When individuals are in a psychopathological state, their cognitions and affects also provide an alert. However, the activated psychopathological mode contains biased cognitions (meanings made of stimuli) based on stored cognitive schemas and affects in an exaggerated/prolonged form. The form of exaggerations may be cognitive distortions (such as overgeneralization, selective abstraction and catastrophizing, amongst others); intense affective reactions (the strength of which is unwarranted given the circumstance); and a prolongation of intense cognitive bias and affect across time. Psychopathological modes tend to remain activated for a prolonged period and/or may have extreme cognitive content or meaning.

For example, the dysthymic/aversive disorders, namely depression, anxiety and violence, represent maladaptive exaggerations of everyday aversive cognitive and affective reactions of anxiety, sadness and anger.

  • In anxiety, the cognitive content is provided by the cognitive schemas which may have the meaning of threat. For example, in social anxiety the cognition might be “I am vulnerable in social situations and will be rejected if I stick my neck out.” The individual responds with anxiety and frequently copes by using avoidance techniques to withdraw from the situation (flight reaction).
  • In depression, the preexisting cognitive schema provide a meaning attached to the situation that pertains to loss, disappointment, self-criticism, etc., within oneself. The person overgeneralizes and makes a value judgment about the self, for example, “I am stupid, worthless, no good,” etc. Therefore, there is a self-attribution of loss and associated affects of sadness and hopelessness.
  • In disorders that contain violence, anger and aggression, the individual attaches the meaning of loss or the meaning of violation (of their values), but attributes the cause of the loss or violation to another individual who has criticized, threatened, disrespected, or let the individual down. The individual responds with anger and a sense of devaluation, which may be expressed with a fight reaction (or the individual may not express the anger externally).

Psychotherapy

There are two contrasting approaches to treatment. In one approach, the therapist uses logic and reasoning to correct the aversive evaluations of the self and the task. This could include reviewing past experiences which contradict the aversive interpretations (examining the evidence) or using cognitive reframing to consider a stimulus situation from a different, more adaptive perspective. This is the standard cognitive therapy approach. The Recovery-Oriented Cognitive Therapy (CT-R) approach operates at a higher level and instead of emphasizing logic and reason, employs the appetitive aspect of the personality.

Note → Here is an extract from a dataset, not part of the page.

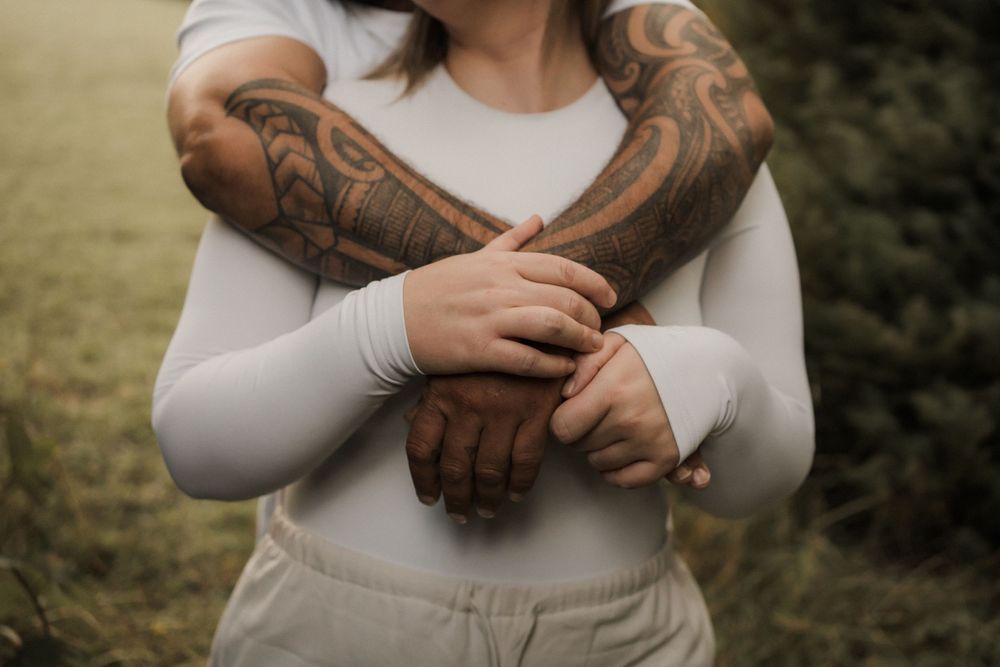 Someone with heavily tattooed arms and hands adjusts their white long-sleeved shirt in a series of close-up shots.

When the modes are in the aversive state (depression, anxiety, or aggression), the therapeutic strategy is to diffuse these modes. This is done through the standard methods of applying logic, looking for alternative explanations, etc. While this emphasis is on diffusing the state of the aversive mode, the therapist also has the option of activating the appetitive mode. This mode has to do with safety, self-confidence, sociophilia, optimism, etc., and taps into the reward system, generating optimism and pleasant affect. The therapist must, of course, draw conclusions about the broad characteristics that the actions show in the activation of the appetitive mode. The CT-R approach emphasizes the difference between the contradiction of aversive modes, often done through talking, and in activating the appetitive mode through action. The appetitive mode involves a rewarding affect in addition to changing the cognitive structuring. Thus, the two different modes act as a seesaw: when the appetitive aversive is activated, the aversive is deactivated.

The therapist attempts to activate previous positive evaluations of the self through collaboratively designing positive experiences for the individual to engage in, which provide opportunities for the individual to achieve their aspirations. This learning (or re-learning) is experiential in that it relies on action as a therapeutic modality. In order to be effective, however, it is important for the therapist and patient to draw conclusions about the meaning of successful experiences and the individual’s strengths, assets, opportunities and capabilities.